- - - - -
Lebih jauh lagi, permasalahan ini tidak berhenti pada aspek perselingkuhan saja. Bidi juga mengungkap bahwa dirinya telah menjadi korban kekerasan dalam rumah tangga (KDRT) sejak tahun 2022. Ia mengaku mengalami kekerasan fisik berupa pemukulan yang menyebabkan luka lebam di wajah dan bagian tubuh lainnya, yang terjadi setelah ia memergoki isi pesan pribadi suaminya dengan wanita lain. Situasi ini berdampak signifikan terhadap kondisi psikologis Bidi, yang kemudian mengalami trauma berat, bahkan menunjukkan reaksi psikosomatis seperti kehilangan nafsu makan karena nasi sebagai makanan pokok mengingatkannya pada sosok sang suami.
- - - - -
Setelah melalui berbagai bentuk pengungkapan emosional dan fisik, serta menyadari bahwa tidak ada itikad perbaikan dari pihak suami, Bidi akhirnya memutuskan untuk mengakhiri pernikahannya. Pengungkapan tersebut diperkuat dengan tindakan suami yang memblokir seluruh akses komunikasi seperti akun Instagram dan WhatsApp, yang menandai terputusnya hubungan komunikasi di antara keduanya. Saat ini, Bidi telah mantap untuk melanjutkan proses hukum berupa gugatan cerai, dan menolak segala bentuk tuntutan maupun permintaan maaf dari pihak suami. Kasus ini menjadi sorotan publik bukan hanya karena keterlibatan tokoh yang sebelumnya dikenal sebagai pasangan ideal atau “pasangan tujuan” , tetapi juga karena mengandung isu-isu serius terkait kekerasan, pengkhianatan, dan dampak psikologis terhadap korban.

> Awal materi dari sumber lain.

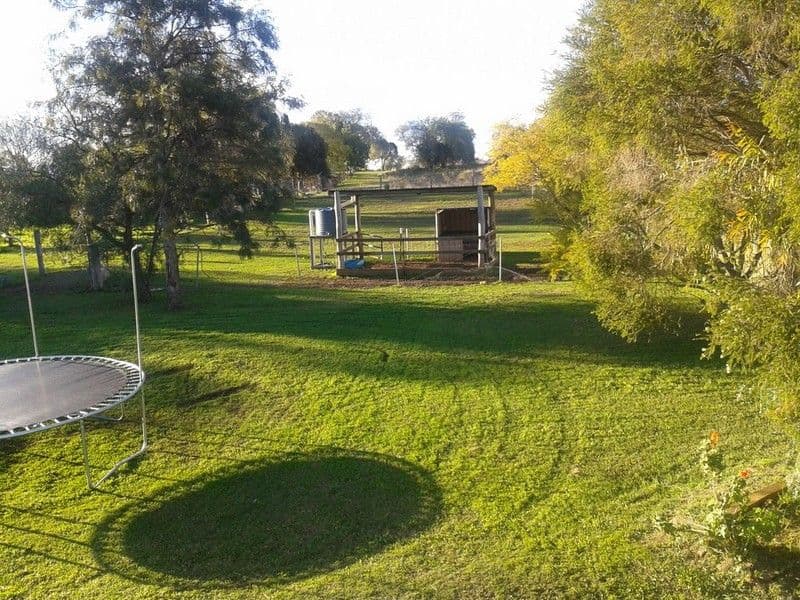 19 Odassa Street, GOOMBUNGEE QLD 4354, Goombungee - Thumbnail 8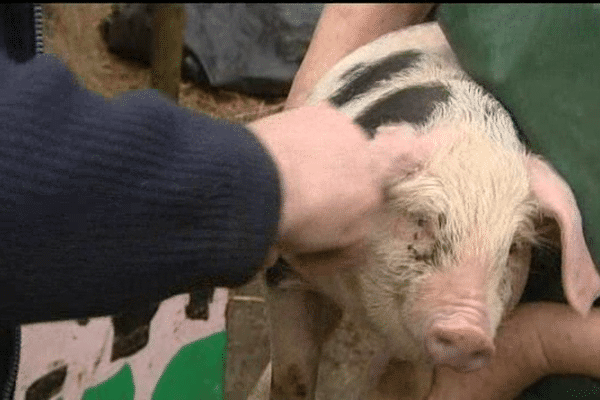 Le cochon de Bayeux présenté dans les allées du salon de l'agriculture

Dengan demikian, klarifikasi ini menjadi penting dalam memberikan pemahaman yang utuh kepada masyarakat mengenai posisi korban dan pentingnya perlindungan terhadap hak-hak individu dalam rumah tangga, terutama dalam kasus-kasus yang melibatkan kekerasan dan manipulasi emosional.